_Task goal_
Output, exactly as written, the lines below from the one that has "Tapete Bazhars Chobi" through the one that has "Kimi to, Sekai"; nothing else, and no pictures.

_Data excerpts_

== Segment start ==

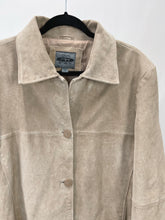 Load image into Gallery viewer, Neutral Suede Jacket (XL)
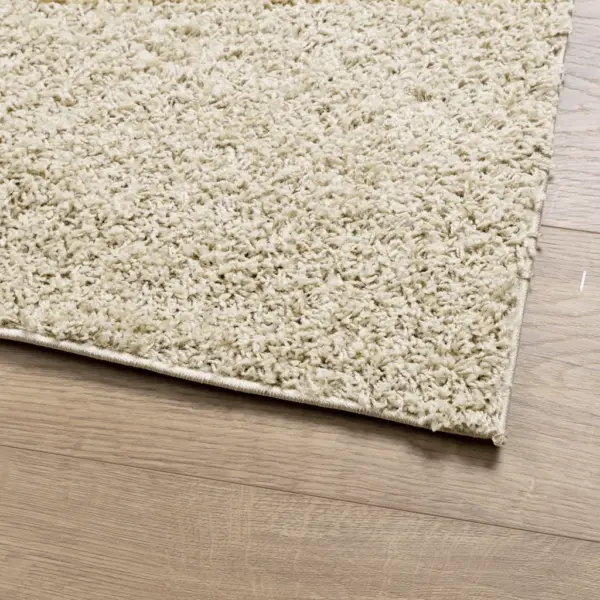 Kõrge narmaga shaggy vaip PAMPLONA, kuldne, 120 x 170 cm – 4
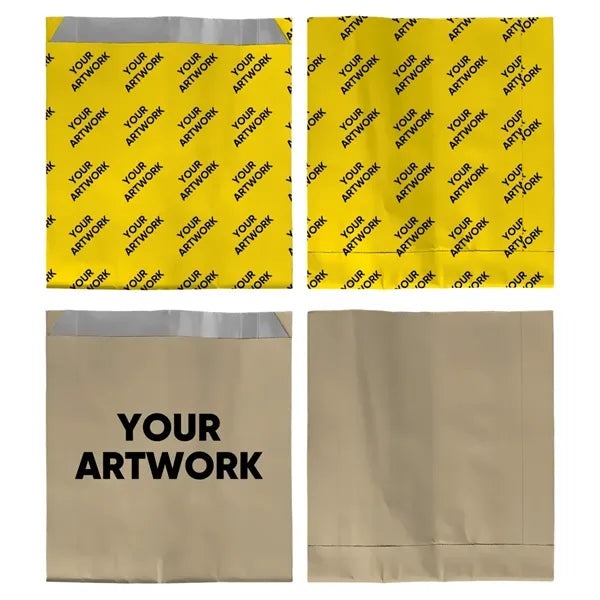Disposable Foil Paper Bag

== Segment end ==
== Segment start ==

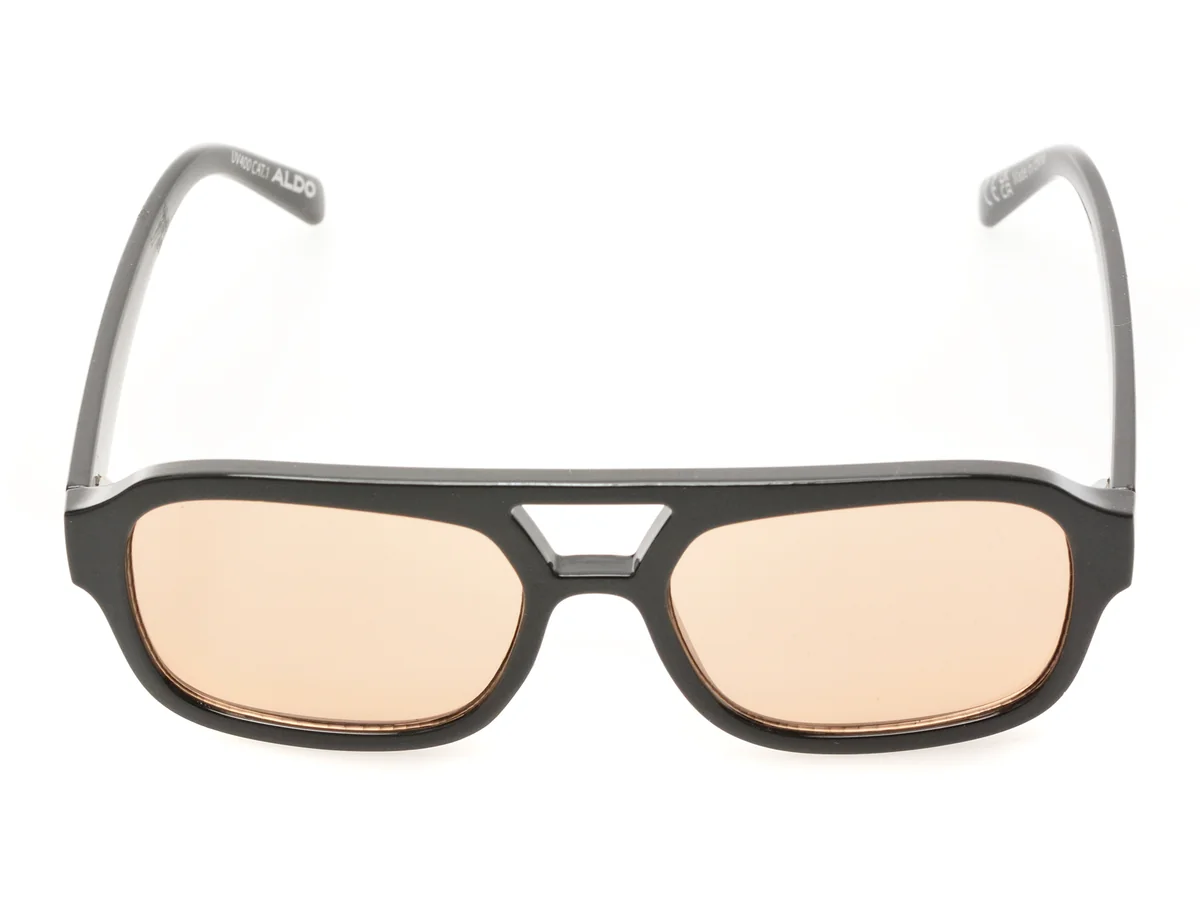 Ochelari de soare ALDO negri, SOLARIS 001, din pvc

== Segment end ==
== Segment start ==

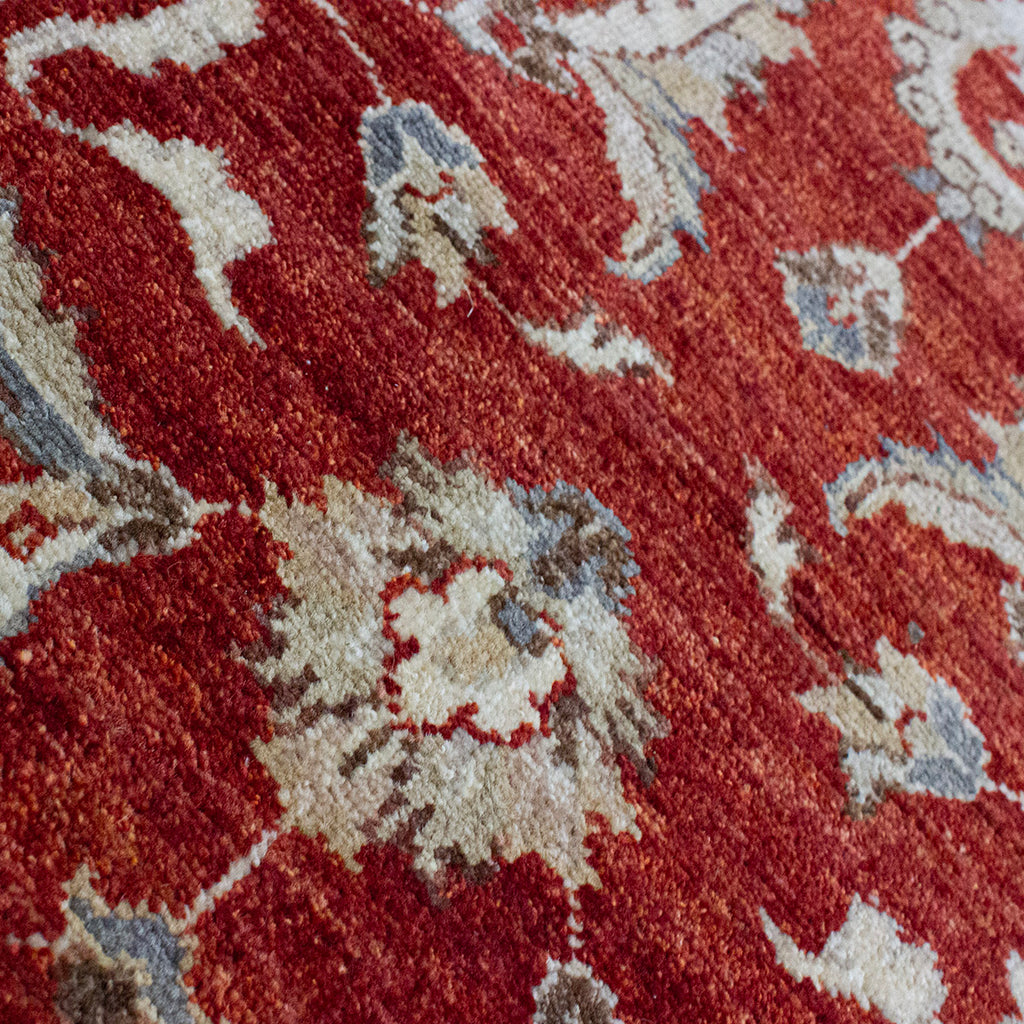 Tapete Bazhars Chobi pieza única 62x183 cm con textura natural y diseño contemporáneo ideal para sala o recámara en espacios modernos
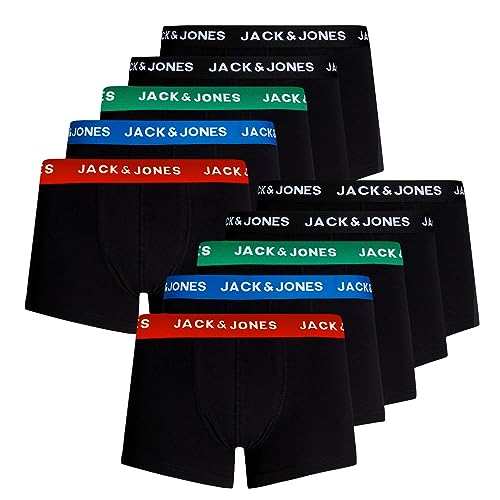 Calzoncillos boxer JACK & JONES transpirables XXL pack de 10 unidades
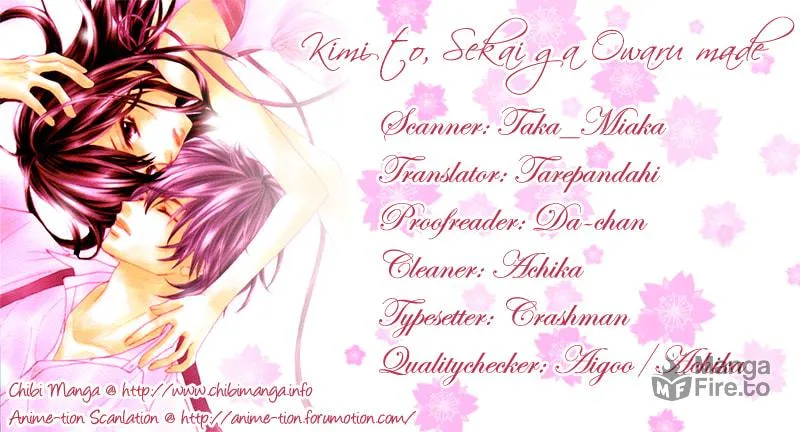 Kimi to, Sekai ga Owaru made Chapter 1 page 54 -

== Segment end ==

_Exercise response_
 Tapete Bazhars Chobi pieza única 62x183 cm con textura natural y diseño contemporáneo ideal para sala o recámara en espacios modernos
 Calzoncillos boxer JACK & JONES transpirables XXL pack de 10 unidades
 Kimi to, Sekai ga Owaru made Chapter 1 page 54 -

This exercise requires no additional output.